DATA FOR ANALYSIS:
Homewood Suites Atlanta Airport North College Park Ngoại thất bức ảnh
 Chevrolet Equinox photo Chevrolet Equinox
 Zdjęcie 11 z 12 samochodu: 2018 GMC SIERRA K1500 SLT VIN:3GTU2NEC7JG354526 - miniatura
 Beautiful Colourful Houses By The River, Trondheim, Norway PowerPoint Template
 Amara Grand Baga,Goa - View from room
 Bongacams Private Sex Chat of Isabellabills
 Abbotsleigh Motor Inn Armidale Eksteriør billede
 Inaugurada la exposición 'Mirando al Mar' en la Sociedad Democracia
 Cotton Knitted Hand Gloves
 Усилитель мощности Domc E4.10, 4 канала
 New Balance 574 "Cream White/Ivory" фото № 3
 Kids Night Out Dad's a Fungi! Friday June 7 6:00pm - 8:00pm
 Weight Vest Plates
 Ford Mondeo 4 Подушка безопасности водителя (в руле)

YOUR OBJECTIVE:
Would you restate each of the entries word for word?

WRITTEN ANSWER:
Homewood Suites Atlanta Airport North College Park Ngoại thất bức ảnh
 Chevrolet Equinox photo Chevrolet Equinox
 Zdjęcie 11 z 12 samochodu: 2018 GMC SIERRA K1500 SLT VIN:3GTU2NEC7JG354526 - miniatura
 Beautiful Colourful Houses By The River, Trondheim, Norway PowerPoint Template
 Amara Grand Baga,Goa - View from room
 Bongacams Private Sex Chat of Isabellabills
 Abbotsleigh Motor Inn Armidale Eksteriør billede
 Inaugurada la exposición 'Mirando al Mar' en la Sociedad Democracia
 Cotton Knitted Hand Gloves
 Усилитель мощности Domc E4.10, 4 канала
 New Balance 574 "Cream White/Ivory" фото № 3
 Kids Night Out Dad's a Fungi! Friday June 7 6:00pm - 8:00pm
 Weight Vest Plates
 Ford Mondeo 4 Подушка безопасности водителя (в руле)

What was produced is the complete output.